Exercise aim → I need each line of the entries below that includes the string "using".

Task data →
•••

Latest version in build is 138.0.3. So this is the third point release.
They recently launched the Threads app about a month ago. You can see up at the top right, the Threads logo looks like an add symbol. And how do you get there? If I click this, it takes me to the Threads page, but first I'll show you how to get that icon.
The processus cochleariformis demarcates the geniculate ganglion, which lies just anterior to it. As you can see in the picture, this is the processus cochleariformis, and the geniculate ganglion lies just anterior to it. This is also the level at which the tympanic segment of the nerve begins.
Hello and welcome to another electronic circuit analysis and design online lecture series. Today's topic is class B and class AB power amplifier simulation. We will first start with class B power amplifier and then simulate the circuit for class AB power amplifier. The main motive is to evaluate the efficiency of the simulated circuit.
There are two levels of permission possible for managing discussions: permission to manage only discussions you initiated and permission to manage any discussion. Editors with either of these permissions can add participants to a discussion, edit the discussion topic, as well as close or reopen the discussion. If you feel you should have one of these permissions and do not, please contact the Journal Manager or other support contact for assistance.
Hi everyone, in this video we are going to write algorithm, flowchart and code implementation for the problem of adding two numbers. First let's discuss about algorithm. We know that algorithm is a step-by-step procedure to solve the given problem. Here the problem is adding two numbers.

•••

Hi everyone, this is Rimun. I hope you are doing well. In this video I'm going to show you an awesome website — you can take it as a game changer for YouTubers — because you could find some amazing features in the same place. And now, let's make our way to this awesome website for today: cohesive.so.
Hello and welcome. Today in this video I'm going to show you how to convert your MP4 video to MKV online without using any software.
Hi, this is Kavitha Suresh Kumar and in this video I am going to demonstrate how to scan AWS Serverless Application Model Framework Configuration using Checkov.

•••

Reply to the task →
Hello and welcome. Today in this video I'm going to show you how to convert your MP4 video to MKV online without using any software.
Hi, this is Kavitha Suresh Kumar and in this video I am going to demonstrate how to scan AWS Serverless Application Model Framework Configuration using Checkov.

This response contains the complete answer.